Let’s assume you have the stats of a player – this includes the usuals – assists, total passes, key passes, chances created, minutes played, shots taken et al. Now, if you were told to predict how many goals this unnamed player has scored, which of those statistics would you trust the most? Some might argue for minutes played – if a player hasn’t played too many minutes, there’s little chance of him/her scoring too many goals. Others might plump for shots taken – after all, if you don’t buy the ticket, you don’t win the raffle. With this piece, I aim to decipher which of these statistics is truly the most important in predicting the number of goals scored by a player.

I took the data of all the players from Europe’s top 5 leagues (Premier League, Bundesliga, La Liga, Serie A and Ligue Un) from Understat for the 2018-19 domestic season. With this data, I tried to build a Linear Regression model to predict the number of goals a player has scored. Roughly, this means that I am trying to predict one thing (in this case, goals scored by a player) using a variety of other important things (such as shots taken, minutes played, assists et al) by finding how these different factors are correlated with each other. I will be using different combinations of these features to try and observe which of these possess the greatest amount of predictive power.
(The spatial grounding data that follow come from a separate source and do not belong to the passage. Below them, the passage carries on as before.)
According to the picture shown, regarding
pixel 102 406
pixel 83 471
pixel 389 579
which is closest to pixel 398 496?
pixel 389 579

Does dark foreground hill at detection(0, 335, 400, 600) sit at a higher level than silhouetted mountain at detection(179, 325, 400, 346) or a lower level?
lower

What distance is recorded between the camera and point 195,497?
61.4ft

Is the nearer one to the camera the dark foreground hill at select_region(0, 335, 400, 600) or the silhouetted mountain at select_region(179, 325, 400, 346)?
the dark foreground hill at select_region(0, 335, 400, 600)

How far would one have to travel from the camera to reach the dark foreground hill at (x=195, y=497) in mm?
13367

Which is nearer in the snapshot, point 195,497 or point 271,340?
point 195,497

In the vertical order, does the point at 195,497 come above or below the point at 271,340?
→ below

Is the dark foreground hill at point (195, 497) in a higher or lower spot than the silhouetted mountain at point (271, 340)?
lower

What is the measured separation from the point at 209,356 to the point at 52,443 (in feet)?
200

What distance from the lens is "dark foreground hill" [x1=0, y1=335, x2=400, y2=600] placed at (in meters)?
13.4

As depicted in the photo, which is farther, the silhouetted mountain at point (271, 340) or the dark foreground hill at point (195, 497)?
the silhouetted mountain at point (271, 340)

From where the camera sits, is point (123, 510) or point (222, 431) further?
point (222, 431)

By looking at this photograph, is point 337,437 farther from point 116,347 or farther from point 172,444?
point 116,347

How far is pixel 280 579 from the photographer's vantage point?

Initially, I randomly divided my dataset into 2 parts – the training set and the testing set. With the training set, I hope to make my model learn what sorts of stats go together, to find how they are correlated with each other. For example, one might think that minutes played and total passes move together in the same direction. After that, I will use my testing set to test my model’s predictive power – I will input the features of my testing set (i.e. key passes, minutes played, shots taken etc) and try and predict the number of goals scored by those players. After that, I will compare my results with the actual number of goals scored.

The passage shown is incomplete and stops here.